What can your document extraction model learn? A useful way to approach this question is to define the space of document inputs that extraction systems usually get.

Let's split the space of documents into two different axes:

  • Content complexity
    How complicated is the information itself? Is it an exact set of forms or labels? Is it roughly stable set of forms and labels? Any form?
  • Expression complexity
    How complicated is the expression of that information? Is it a rigid form? A set of forms of the same general type? Anything-goes natural language inside business letters?

In broad strokes, where your use case falls within these two categories determines what type of models can be a good fit for you.

Documents that are low-complexity on both axes are a great fit for both rule systems and deep learning. In this low complexity space, rules do a good job of "letting simple things stay simple," along with having positive side-effects such as explainability and low computing requirements. Meanwhile deep learning systems applied in this space can allow a single extraction approach to learn with little input and scale to more complex documents.

Documents that are high-complexity in either category are a good fit for deep learning (or other learned approaches) to manage the amount of nuance necessary in finding an automated solution.

This chapter shows you how to estimate where your use case lies on these complexity axes, using industry experience as a guide.

Estimating Content Complexity

Content complexity is how complex and regular the information you're trying to extract is. Low complexity corresponds roughly to "a single paper form that never changes" and the high end corresponds roughly to "all forms in the world about that topic."

At the low-complexity end are documents that always contain the same information. Every US Drivers license has the same fields. Every invoice your company issues always uses the same template. Whether a contract requires US Dollars is always a yes or no answer.

In the medium range, you're targeting documents that have roughly the same information, but it may vary from case to case. Different countries store different fields on their drivers licenses. Different invoices may report different fees and taxes. Different contracts may involve payment from one or more currencies.
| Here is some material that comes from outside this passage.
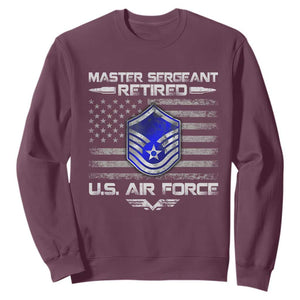 Retired Master Sergeant Of The Air Force Veteran Sweatshirt Vintage USA Flag Veterans TS10 Maroon Print Your Wear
At the high range, you're targeting documents of roughly similar goal but very little restriction on how they approach that goal. Documents that identify people (as opposed to drivers licenses specifically). Documents that track good and services (as opposed to invoices specifically). Documents about money exchange (as opposed to documents known to contain payment terms).

Reading these descriptions, it's easy to see how the content complexity can grow beyond a human's ability to write rules to handle it. At a certain point relying on the computer's ability to learn becomes necessary.

Estimating expression complexity

Expression complexity is how complex the expression of content is within a document. Low complexity corresponds roughly to "a rigid form that never changes" and high complexity corresponds roughly to "a typed legal document."

At the low-complexity end are forms and templates. Documents that have a rigid visual structure in which the same information is always at a known place relative to fixed layout or fields in the document. US Drivers licenses, license plates, and printable paper forms are all in this category.

The medium range consists of two main cases:

  • Increased form diversity. Form or template "families" that have roughly the same information but vary in layout and fixed language. Examples would be drivers licenses across all countries, or IRS 1040 forms across all tax years.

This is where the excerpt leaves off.